Geothermal takes a technological step forward

By Jeff Barnard

Associated Press

Published: Saturday, Jan. 12 2013 12:00 a.m. MST

Still to come at Newberry is drilling one or two production wells to show whether these reservoirs can provide enough steam to run a commercial geothermal power plant.

"If we can demonstrate that we can create a geothermal reservoir here, then we can have more confidence in our ability to move to similar locations, maybe near other Cascades volcanoes," Petty said.

The Newberry project is one of 230 funded by Department of Energy to create a pathway for private industry to develop geothermal energy into a major source of homegrown power, said Doug Hollette, program manager for the Geothermal Technologies Office at Energy.

The effort is similar to one started by the department in the 1970s, which is now bearing fruit with cheap natural gas from shale deposits, he said.

Commercial production with EGS is still a long way off, because it depends on developing new technologies, he said. In the near term, the department is developing maps of potential new areas to develop conventional geothermal power, including areas that show no signs on the surface.

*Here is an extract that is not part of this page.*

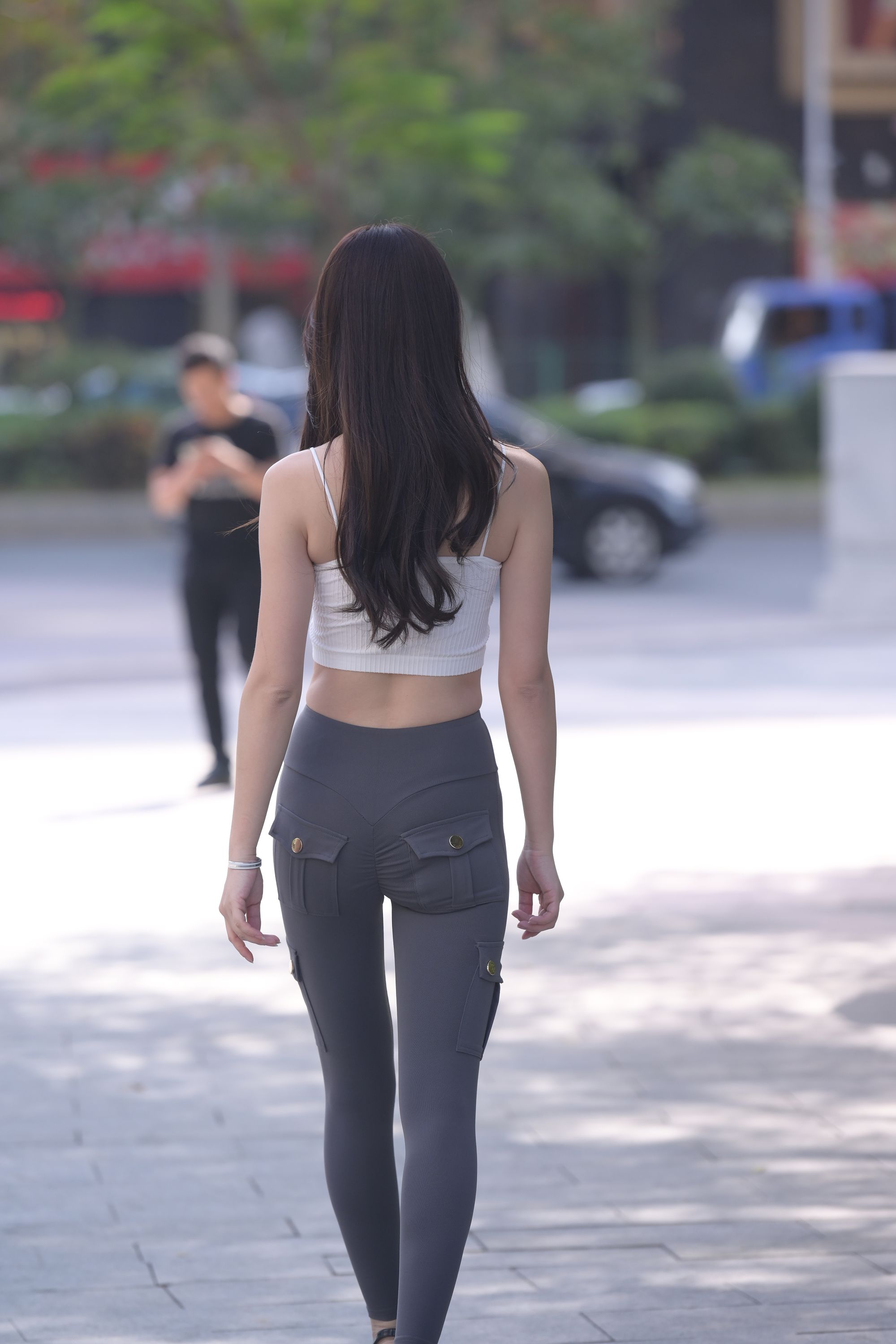 F43.灰色瑜伽紧身裤美女-身材高挑 - 第4张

They are expected to be ready in a few years. In the medium term, the DOE is financing development of low-temperature geothermal, and tapping abandoned oil and gas wells for their heat, known as coproduction. Other projects involve adopting horizontal drilling techniques, now common in oil and gas, to connect multiple geothermal reservoirs in a field.

There are 3.2 gigawatts of geothermal power connected to the U.S. grid, less than 1 percent of the grid's capacity. Government estimates put the potential for new discoveries of conventional geothermal power at about 30 gigawatts, and EGS at more than 100 gigawatts over the next 50 years. That would be 10 percent of the grid's current capacity.

"We are big believers that EGS will be a successful part of the energy mix once we show the pathway," Hollette said.